Se foi assim com os filmes anteriores do estúdio, assim é com “Soul”, dirigido por Pete Docter (Monstros S.A., Up, Divertida-Mente), e que estreou com exclusividade no serviço de streaming Disney+. Assista com seus filhos, que darão gargalhadas nas sequências humorísticas enquanto você chora com os dramas dos personagens.
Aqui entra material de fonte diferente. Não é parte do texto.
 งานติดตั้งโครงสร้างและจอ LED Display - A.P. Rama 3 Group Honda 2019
“Soul” conta a história de Joe Gardner, pianista que deseja ser um grande músico de jazz mas que só consegue trabalho como professor de crianças sem jeito pra música – com exceção de uma trombonista. Aliás, irônica fica aquela clássica abertura Disney com o castelo de Cinderela e o tema musical de Pinóquio, sua eterna assinatura, desta vez tocada pela desafinada banda dos alunos de Joe. Um protagonista que, não por acaso, tem um sobrenome que significa “jardineiro” (Gardner), mas aí estou quase dando spoiler 🙂
Sem estragar nenhuma surpresa: Joe vai para o Além após um acidente, mas se recusa a entrar no Céu (o “Great Beyond”). Acaba caindo no “Great Before”, um setor pré-vida onde as pequenas almas passam por uma mentoria antes de nascerem para poderem ir pra Terra com alguma personalidade. O Great Before é clean, asséptico e burocrático, com seres vaporosos de fala suave, e esse ambiente faz um contraponto perfeito com o caos da vida humana, na barulhenta e lotada New York – aonde se passa a parte terrena de “Soul”.
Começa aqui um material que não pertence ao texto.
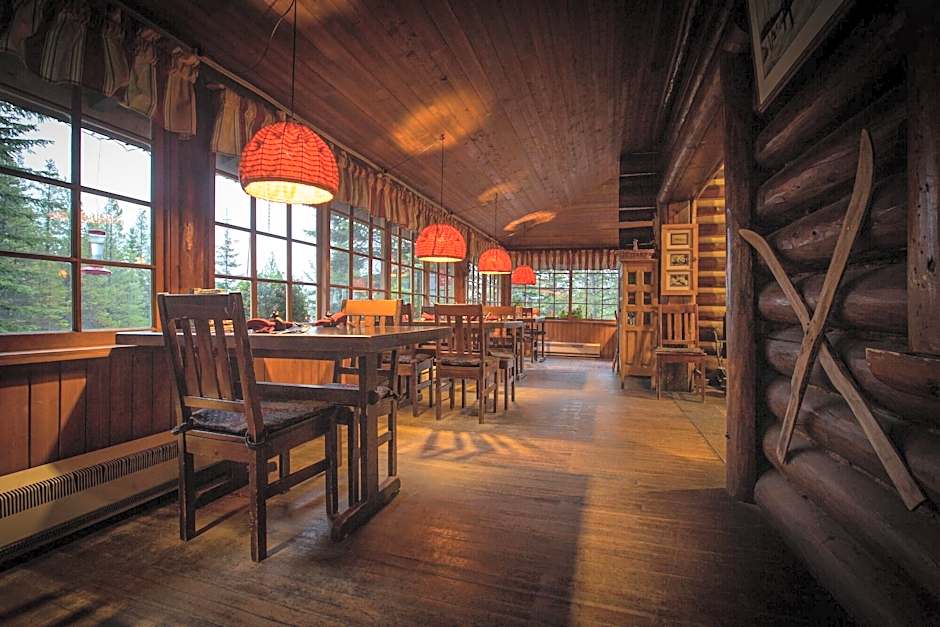 Storm Mountain Lodge Cabins Dining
Os dois cenários do filme (Terra e Além) se diferenciam pela construção gráfica e direção de arte, construção dos personagens, mas também pela música de cada ambiente – repare nisso quando for assistir. A vida mundana de Joe tem como trilha sonora obviamente o jazz, e aqui a música ficou a cargo do band leader Jon Batiste. Já o mundo celeste tem os sintetizadores etéreos e texturas quase New Age de Atticus Ross e Trent Reznor (se quiser ver uma entrevista com eles, clique aqui), da banda Nine Inch Nails, que criaram por exemplo os temas de The Social Network (A Rede Social). Senti que a música no Além Vida se parece com a sonorização do Wii – se você tem esse console, pense nisso.
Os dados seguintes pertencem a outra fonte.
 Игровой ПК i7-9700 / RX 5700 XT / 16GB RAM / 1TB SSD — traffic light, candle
Quando assistir à animação, lembre-se de que “cat” é a forma como os músicos de jazz chamam uns aos outros (há um gato na história, mas falar mais do que isso é estragar o que está por vir).
A história de “Soul”, no final das contas, é uma parábola quase zen budista sobre o sentido da vida, o valor das pequenas coisas e as trocas entre as pessoas. Seremos peixes nadando na água, ansiosos e angustiados querendo nadar no oceano sem perceber que já estamos nele?
Perto do final, um dos seres do Além diz que eles “estão no negócio da Inspiração há muito tempo”. Parece a Pixar falando de si mesma. E é verdade.